> [WHAT TO PRODUCE]: Nothing but the records, transcribed verbatim and stripped of images, should appear in the answer.

(DATASET EXTRACT)

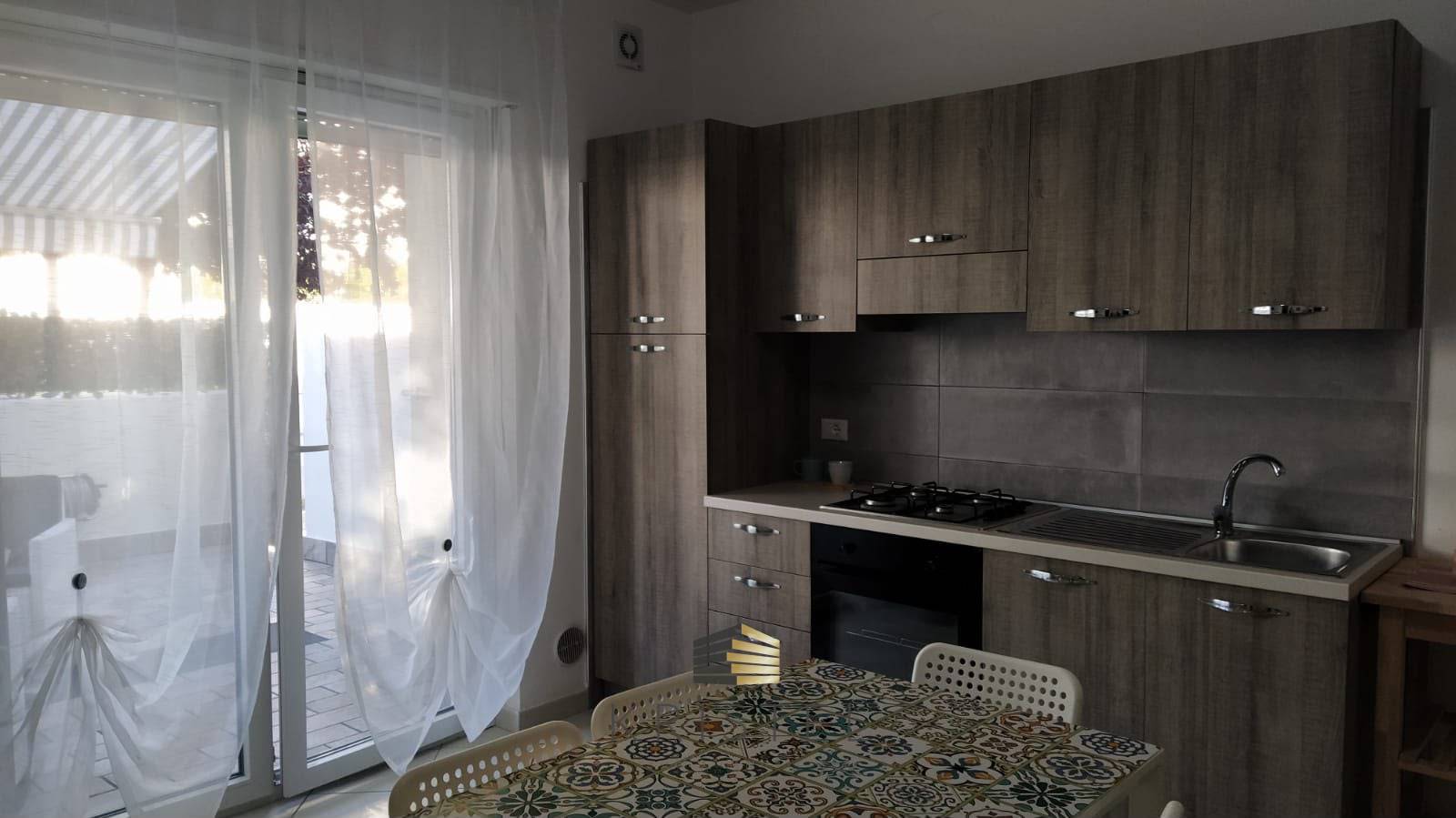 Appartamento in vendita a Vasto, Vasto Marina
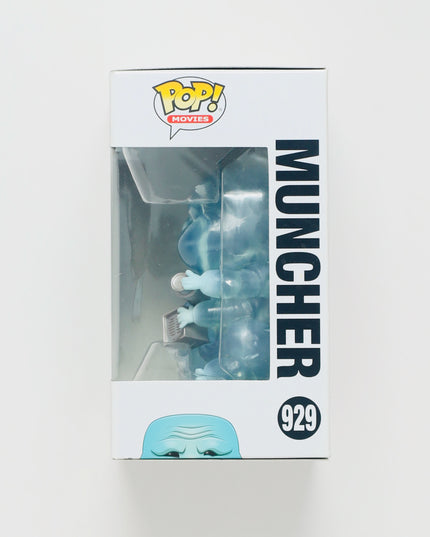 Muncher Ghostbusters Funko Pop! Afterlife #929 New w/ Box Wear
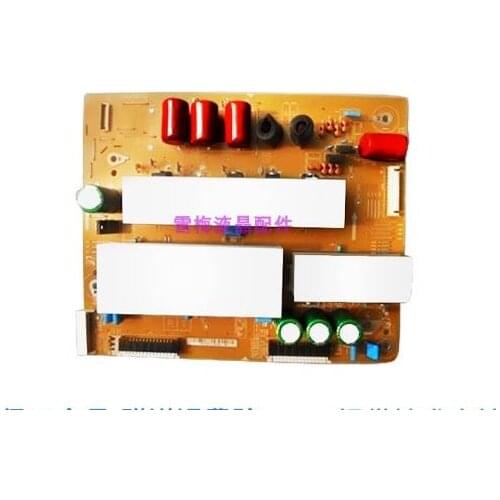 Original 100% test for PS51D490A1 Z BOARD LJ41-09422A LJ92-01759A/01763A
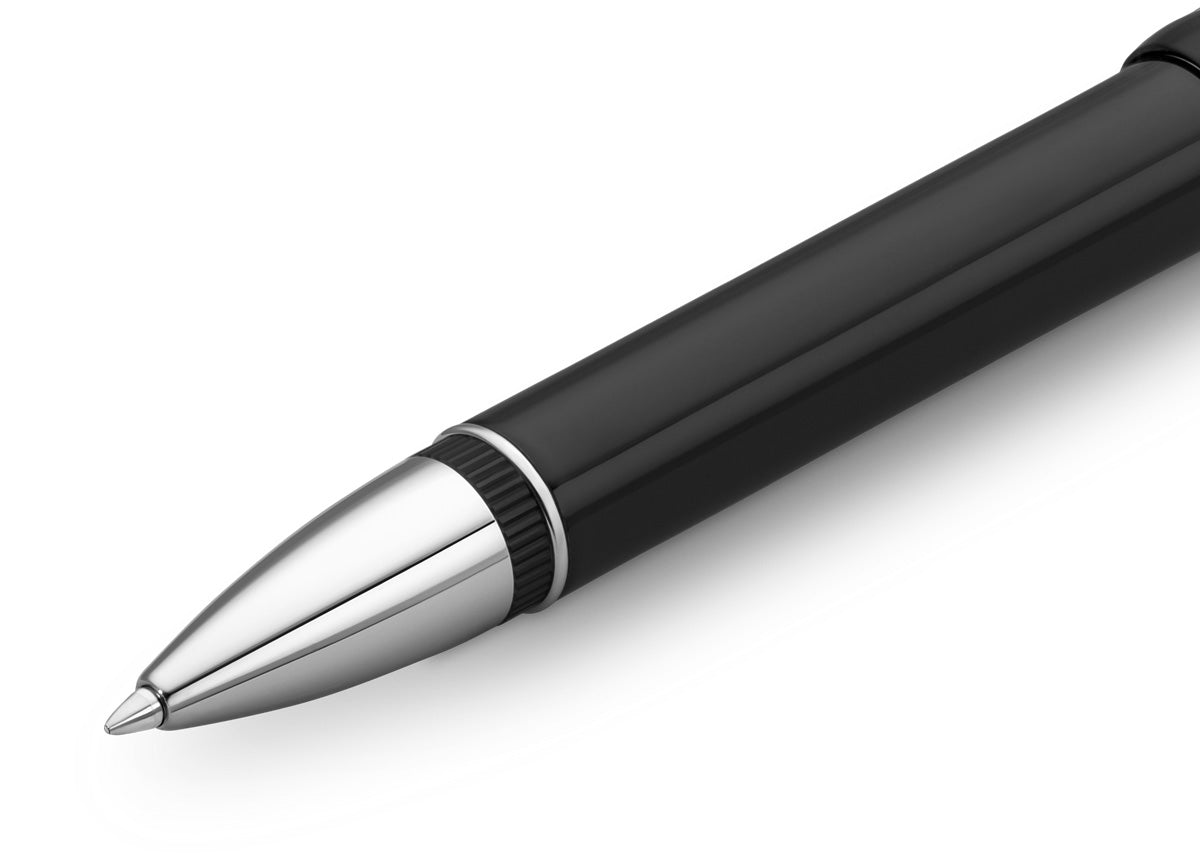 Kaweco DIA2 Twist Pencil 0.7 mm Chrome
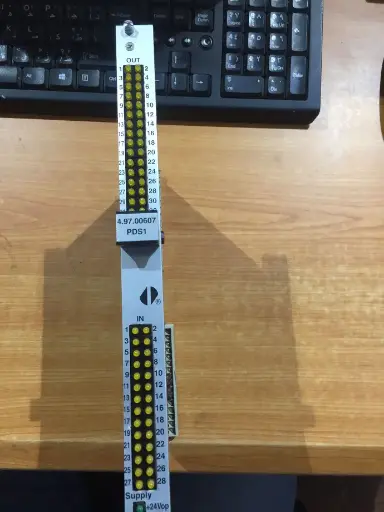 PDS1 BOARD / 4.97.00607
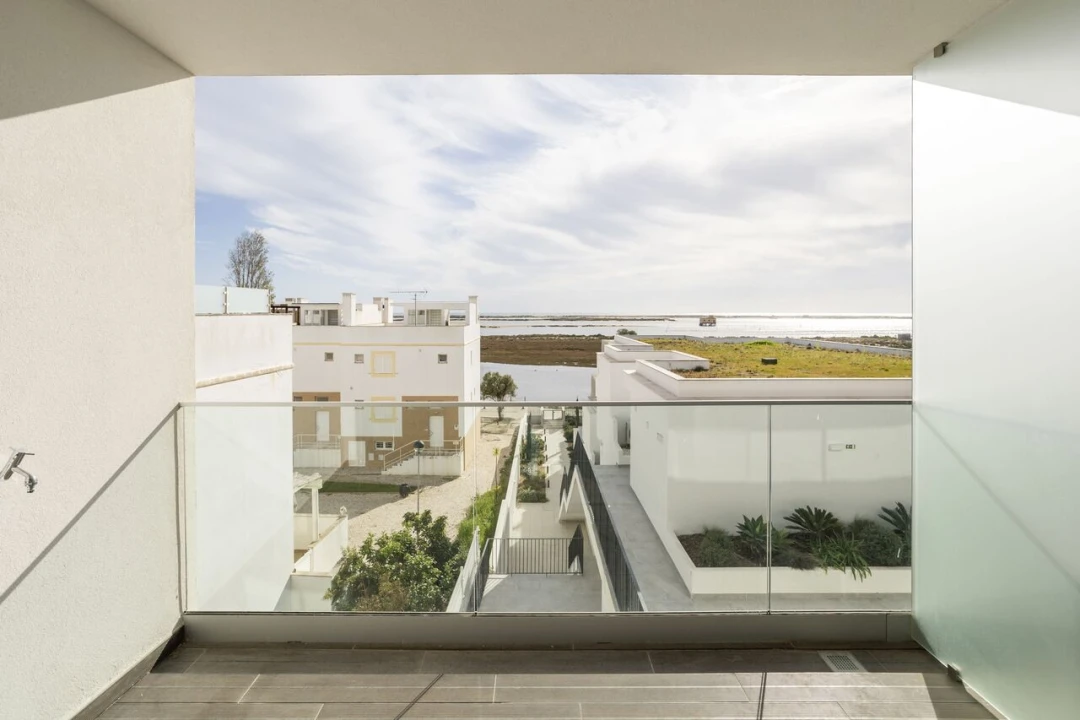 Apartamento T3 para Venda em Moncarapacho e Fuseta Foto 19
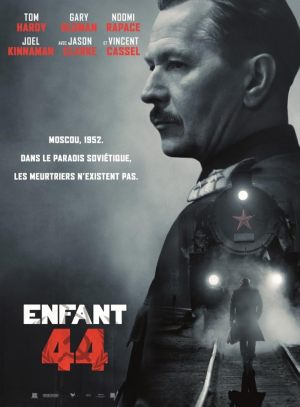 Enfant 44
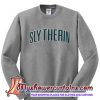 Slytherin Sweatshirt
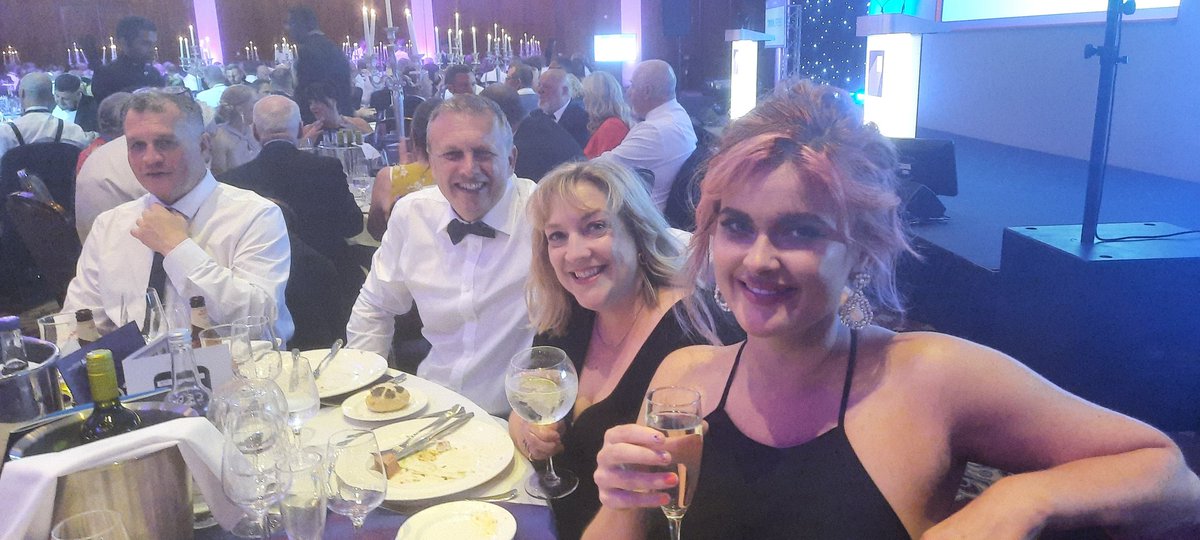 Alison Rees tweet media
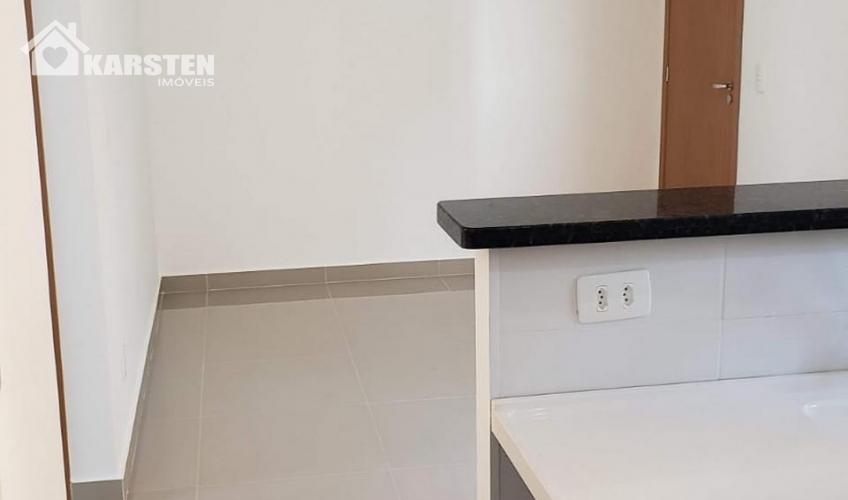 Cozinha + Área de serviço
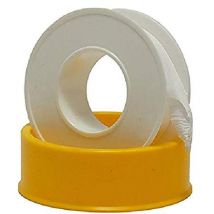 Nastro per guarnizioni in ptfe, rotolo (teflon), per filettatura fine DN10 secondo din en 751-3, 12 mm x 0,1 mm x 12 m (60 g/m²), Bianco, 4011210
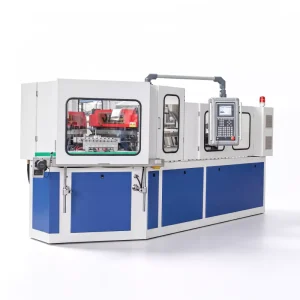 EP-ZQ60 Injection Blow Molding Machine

(End DATASET EXTRACT)

> [RESPONSE AREA]:
 Appartamento in vendita a Vasto, Vasto Marina
 Muncher Ghostbusters Funko Pop! Afterlife #929 New w/ Box Wear
 Original 100% test for PS51D490A1 Z BOARD LJ41-09422A LJ92-01759A/01763A
 Kaweco DIA2 Twist Pencil 0.7 mm Chrome
 PDS1 BOARD / 4.97.00607
 Apartamento T3 para Venda em Moncarapacho e Fuseta Foto 19
 Enfant 44
 Slytherin Sweatshirt
 Alison Rees tweet media
 Cozinha + Área de serviço
 Nastro per guarnizioni in ptfe, rotolo (teflon), per filettatura fine DN10 secondo din en 751-3, 12 mm x 0,1 mm x 12 m (60 g/m²), Bianco, 4011210
 EP-ZQ60 Injection Blow Molding Machine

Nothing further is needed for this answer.